Catechism of the Catholic Church 1213
Eucharist
“The Eucharist is ‘the source and summit of the Christian life.’ ‘The other sacraments, and indeed all ecclesiastical ministries and works of the apostolate, are bound up with the Eucharist and are oriented toward it. For in the blessed Eucharist is contained the whole spiritual good of the Church, namely Christ himself … It is the culmination both of God’s action sanctifying the world in Christ and of the worship men offer to Christ and through him to the Father in the Holy Spirit.”
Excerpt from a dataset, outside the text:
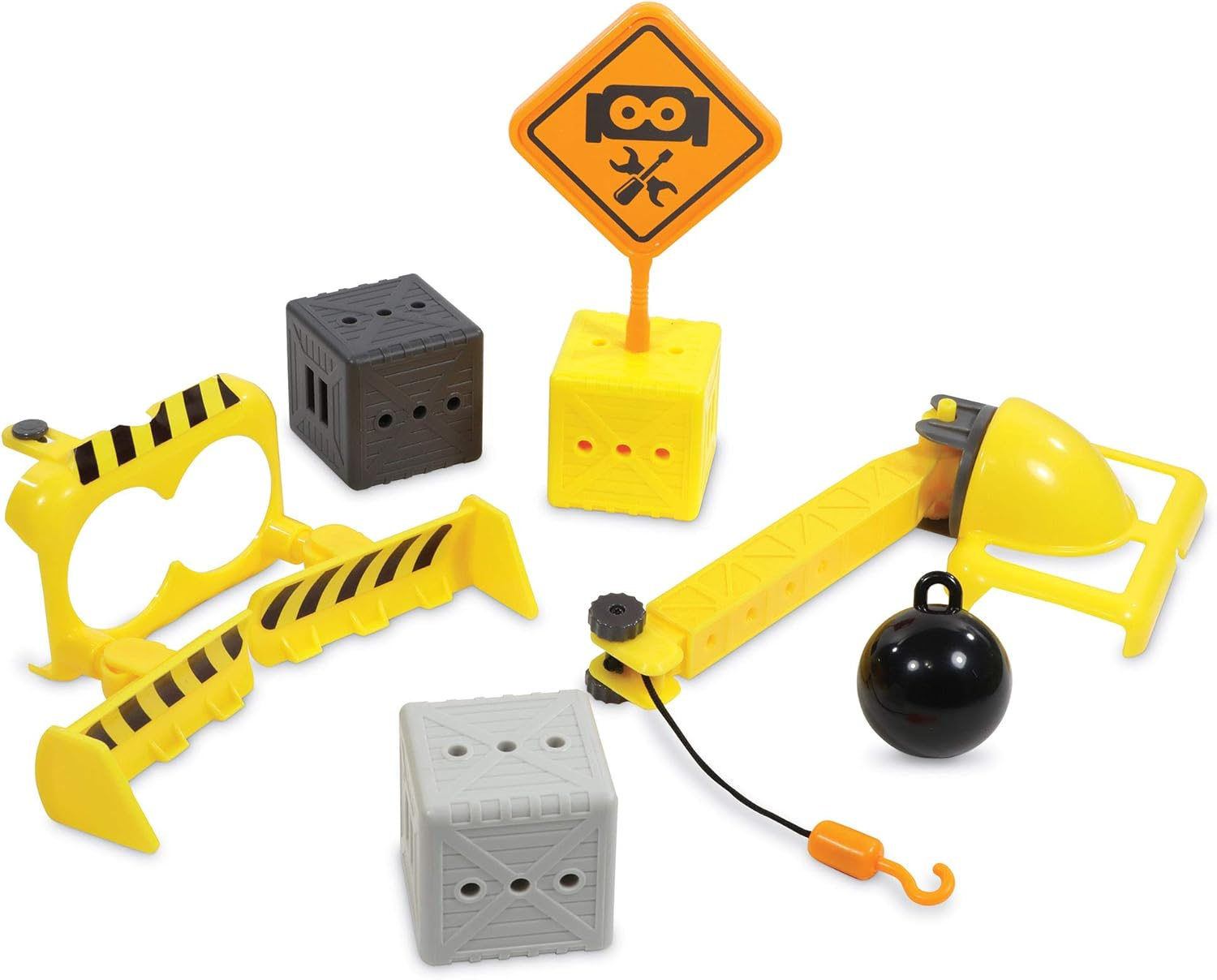 Learning Resources Botley Crashin' Construction Challenge Accessory Set (Botley Not Included) - 10 Pieces, Ages 5+ Coding for Kids, image number 1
Catechism of the Catholic Church 1324-1325
Confirmation
“[The Faithful] are more perfectly bound to the Church by the sacrament of Confirmation, and the Holy Spirit endows them with special strength so that they are more strictly obliged to spread and defend the faith, both by word and by deed, as true witnesses of Christ.”
Lumen Gentium 11
Sacraments of Healing
Confession
“Those who approach the sacrament of Penance obtain pardon from God’s mercy for the offense committed against him, and are, at the same time, reconciled with the Church which they have wounded by their sins and which by charity, by example, and by prayer labors for their conversion.”
Lumen Gentium 11 § 2.
Anointing of the Sick
“By the sacred anointing of the sick and the prayer of the priests the whole Church commends those who are ill to the suffering and glorified Lord, that he may raise them up and save them. And indeed she exhorts them to contribute to the good of the People of God by freely uniting themselves to the Passion and death of Christ.”
Catechism of the Catholic Church 1499
Sacraments of Service
Matrimony
“The entire Christian life bears the mark of the spousal love of Christ and the Church… Christian marriage in its turn becomes an efficacious sign, the sacrament of the covenant of Christ and the Church. Since it signifies and communicates grace, marriage between baptized persons is a true sacrament of the New Covenant.”
Catechism of the Catholic Church 1617
Holy Orders
“Holy Orders is the sacrament through which the mission entrusted by Christ to his apostles continues to be exercised in the Church until the end of time.”